Homeschool & the Art of Review, Review, Review

During my management theory classes I undertook while working as a manager in retail. We were repeatedly told that the “crucial” characteristic of any successful manager was being clear on the complexities  encountered when arriving at the intersection between procedure and implementation.

The intersection has the universal reputation of being fraught IMG_20140518_160505with snares and frustration.

A procedure, therefore, should be informed by how it is to work on the field. Not just passed across from those personnel detached from the actual hands-on personnel.

Unfortunately even the best laid out procedure can hit pot-holes. This is because the delivery of any procedure when it hits the implementation stage can be limited by resources, circumstance, environment and time.

Simply put: what reads great on paper can become a nightmare in practice.

To resolve the issues encountered here managers will generally apply the axiom “review, review, review”.

Reviewing looks for limitations and strengths; taking a step back to refocus application, direction and timing.

Reviewing gives priority to the limitations in order to reform the procedure whilst seeing whether the strengths could be improved upon or simplified to free up resources for improving areas of delivery or achievement that need improvement.

One of the great things we enjoy about home-schooling is being able to apply and develop life skills learnt in the professional arena.

Today we had a parent-teacher conference and looked for limitations in our approach to home-schooling.

The outcomes included a list of new material to research and purchase. In addition to a simple timetable drafted to empower flexibility in our routine. A quick discussion followed in which we both talked about the progress of our kids, and the resources we are using to improve their education.

For example: creating more light in a room by replacing dark  and heavy bookshelves with white ones. Carefully putting new things in place to improve our environment can potentially improve the way in which their home education is delivered.

Stumbling along this “road less travelled” and feeling as though you’re walking through mud sometimes is a seasonal challenge for home-schoolers.

These seasons will come, they do in the business world as well. Some skills are transferable. The importance of reviewing and improving how we do things as home educators is that it advances the home-school team and can safeguard our parenting by minimise exhaustion closer to end of term.

Bringing your talents, gifts, work experience, knowledge, faith and skills into your approach towards homeschooling has serious potential. It can uplift the process by energising how children are taught in the way they should, could and ought to go.

In theological terms, reviewing is like confession. It recognises our humanity through our limitations and calls us back to life, out of self-condemnation and complacency. Back into the why and the how we got started on this journey in the first place. We are reminded of the One who schools us and grants us the privilege of the burden of responsibility in serving our children in such a special way.

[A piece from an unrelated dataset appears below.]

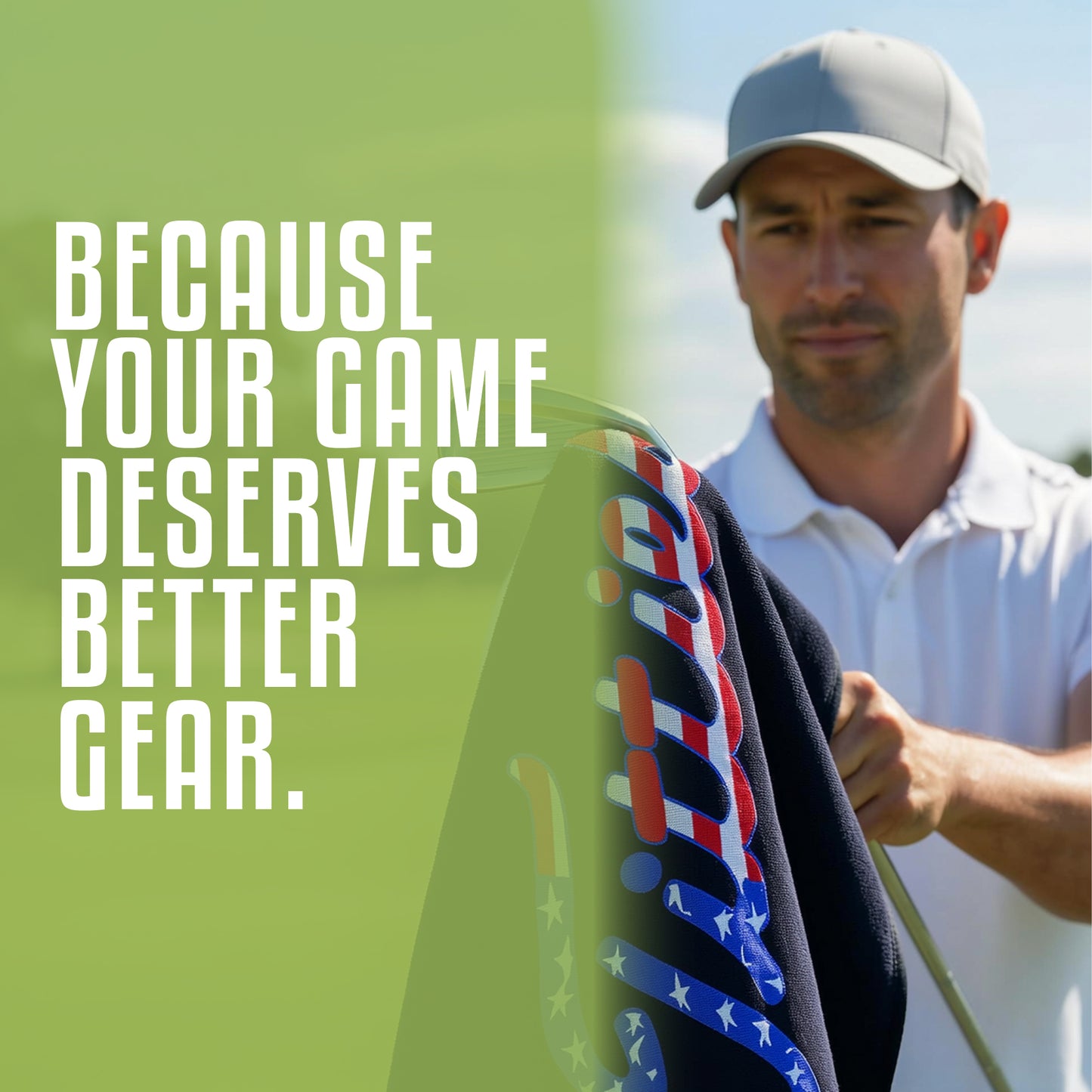 Curves & Clubs Titties Golf Towel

‘Education is the point at which we decide whether we love our children enough not to expel them from our world and leave them to their own devices, not to strike from their hands their chance of undertaking something new – but to prepare them in advance for the task of renewing a common world’

(Hannah Arendt, 1961 Between Past & Future, Penguin Classics p.193)

Image: mine via instagram.

3 thoughts on “Homeschool & the Art of Review, Review, Review

  1. Jenny says:

    It recognises our humanity through our limitations and calls us back to life, out of self-condemnation and complacency.
    We’ve seen how our humanity gets in the way of our homeschooling ideals also. I like how you say it “calls us back to life”.